When she told me about the piece of paper I became intrigued and tried to resolve what the answer to Dad’s final riddle might be.
As I read the piece of the Torah in Vayechi more closely, the significance of what Dad may have been saying in relation to his father called out to me.
a business which supplies nearly every Jewish family to this day with Kosher chickens
Dad’s relationship was his father was never an easy one. Issy Grossman, for those here today who did not know him, was a very different character. Dad, was very methodical with a very unique dry sense of humour in contrast to his more impetuous and dynamic father who created a business which supplies nearly every Jewish family to this day with Kosher chickens. As a young man they clashed frequently and, that they managed to work in the same business, was down wholly to the fact that they were working in two factories 50 miles apart.
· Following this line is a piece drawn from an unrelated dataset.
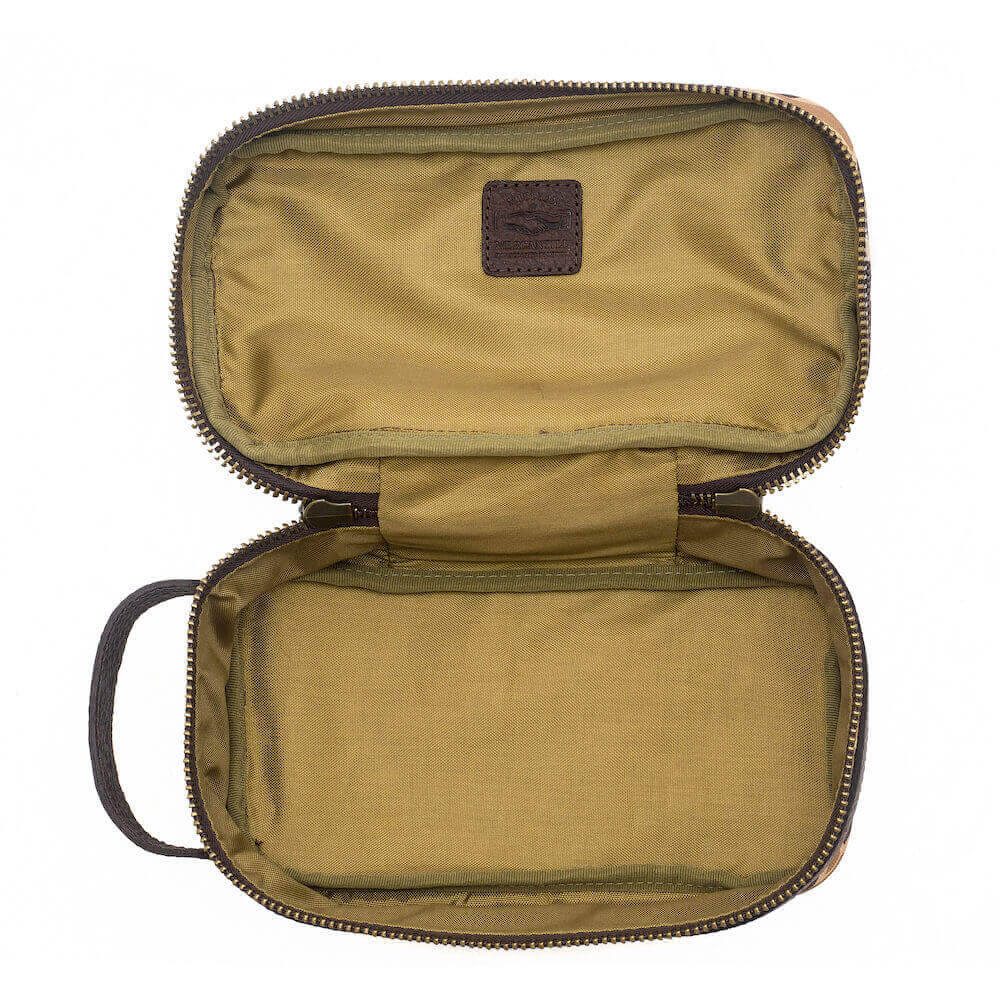 Campaign Waxed Canvas Toiletry Square Shave Kit-Bags > Toiletry Bag > Waxed Canvas-Smoke-Vintage Camo-Mission Mercantile Leather Goods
Their love was strong but I think it fair to say that his brother Lawrence, with whom Dad was extremely close throughout his life, was more akin to Issy. For my father to have wanted to put such an inscription on his father ‘s stone shouted out to me that he felt that the words of Jacob could instead have been utterances of Issy to the effect that, notwithstanding that he was the eldest son, he had a secondary status in Issy’s eyes.
However as I reflected on the story, I could see how so movingly it reflected the story of my father’s own passing and relationship with his own sons BUT with a different ending.
There was no question in my father’s eyes of anything but equal standing between my brother and me – Stephen and I took very different career paths (Stephen into the family business and I into the law) but our father took as much pride and joy from what we each did and how we related to him.
Dad knew both of his sons in every way
Stephen and I spent many nights by Dad’s hospital bedside, I standing on the right side of the bed and my brother on the left.Dad’s very final three words to us were words that Jacob himself says in the sedra (‘I am dying’). Most poignantly Stephen and I were both standing on his right side for the last two hours of his life each holding his right hand as he passed away to a rendition of adon olam. The mezuzah, from his office in Ampthill where he spent his working life counting the chickens in and out, was held tightly in his left hand with the nurses on the left side of the bed.
To my father, his sons were equal to him in life and were both holding his right hand at his passing.
I would suggest that for my father the true meaning of Yaacov’s words,
‘I, know my son I know,’
was in the sense of being ‘familiar with’ and ‘close to’ rather than in Jacob’s corrective tone to Joseph. It is true that Dad knew both of his sons in every way.
A couple of weeks ago, I told my mother that I had concluded what the words on his desk really signified and that it was a shame the Hebrew expression only referred to ‘son’ not ‘sons.
To which my mother replied that she had had precisely the same thought and that, on the tombstone, the Hebrew words appear as they do in the Torah but in translating them she had written the following English translation that you will all see very soon ‘I know my SONS I know’.
The tombstone and its inscription which we will consecrate today therefore reflect his entire life; in Hebrew the love but sometimes frustrations of his relationship with his father and, in English, the comfort and closeness of his relationship with his sons, the result of 52 years of marriage to our amazing mother.
It is a fitting memorial for a good man who as I said at the shiva perfectly represented the saying from the Mishnah: Who is happy? he who is satisfied with his lot.
May the memory and soul of Binyamin Matityahu ben Yisroel be blessed eternally.